Cosmetic Curiosity: If you look carefully in the final scene between Angelique and Blair in his drawing room, she has two right eyebrows. You can see it in the screenshots above as well.
Yeah, but who cares?
No complaints.
The one and only complaint would be something that could not be done.
Vampire teeth should be sharp as knives.
Smallville did this in Season Five Halloween ep, and Kristen looked UNBELIEVEABLE.
But, I believed.
A sorority house of vampires…..sadly, she was the only hot one.
Seeing Angelique get all handsy with Jeff Clark is appealing for a couple of reasons. One, someone should be making the man with the worst physical boundary issues squirm for a change: he’s done it to all of his female castmates, especially in the 1795 plot.
But it’s also nice to see some female power on display again. Julia has been a little sidelined, and all the other woman have been locked in various prisons. Angelique can almost feel like an avenging angel instead of the villain. Right now, she’s our madwoman in the attic.
And speaking of handsy, could that memory wipe scene have been more homoerotic? When Nicholas ordered Jeff to the bed I thought things were going to move to second base. Gay or straight, sex with someone you’ve hypnotized is clearly rape, but you have to give the writers credit for boldness. And then Nicholas “stops by for a drink”!? It’s too wicked.

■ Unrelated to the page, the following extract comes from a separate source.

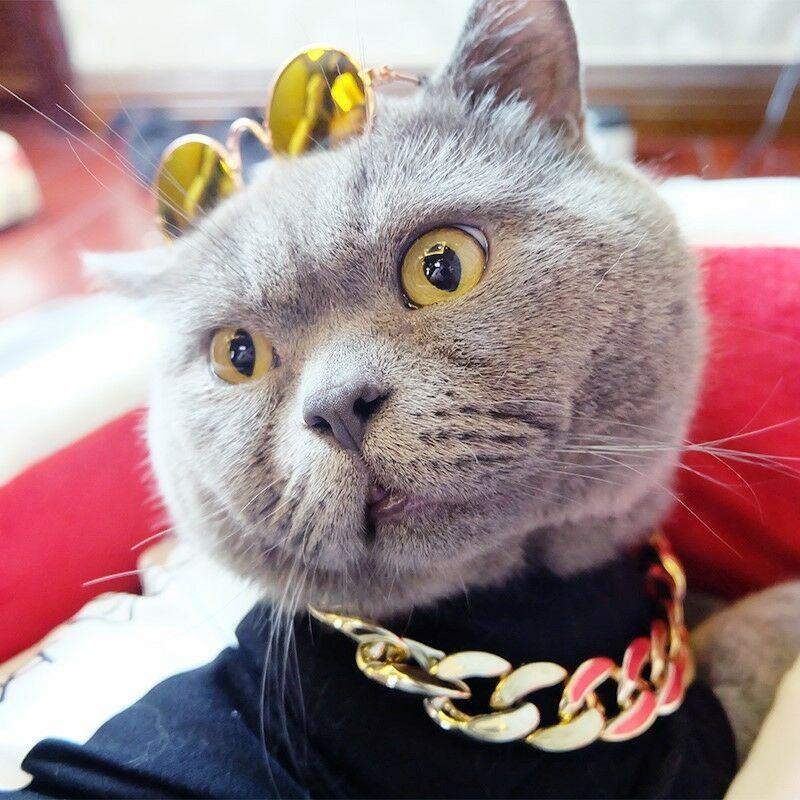 Noxord | Pet Jewelry Thick Gold Chain Collar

The “seduction” scene between Angelique and Jeff was prime DS. Much more enjoyable than the parallel Joe scenes, because Joe really seems to mean it when he tells Angelique to leave him alone.
With that scene with Jeff, it felt like he was “resisting” and talking about Vicki only in order to heighten the emotions and excitement when he does give in. Very erotic, actually.
All the haters are wrong. Jeff looked so damn good lying on that bed. Why can’t I have that power over him.
Angelique can bite me any time! And that was a great cliffhanger!! Now we’re getting somewhere!
I’m pretty sure Nicholas would NOT be saying aveda kedavra. Maybe Accio view screen?
I want a stabbing table, too!
The magic mirror is great, however it works.
Sorry to be the only whiner about this episode, but darn, Robert Rodan’s theatrics are getting on my nerves. Not only does he bring not an ounce of nuance to his work…paging Overactors Anonymous!…but he tends to begin many of his sentences and phrases way too LOUD. I have to say I found myself really rooting for Eve and her threats to do him in.
And Nicholas is adorned with a fabulous satin brocade robe… As if I didn’t already want to join his evil club…
I’ve been wondering about that mirror. Angelique used it a while back, and she’s not a witch any longer, sooo is it an enchanted mirror?
Also, Nicholas is not the kind of dude you just go around touching, even if you are a Frankenstein monster guy. He seems to be evil incarnate!
How kind of Nicholas to mindwipe Jeff’s memories of Angelique. And then to go out and have a drink with him? What a pal!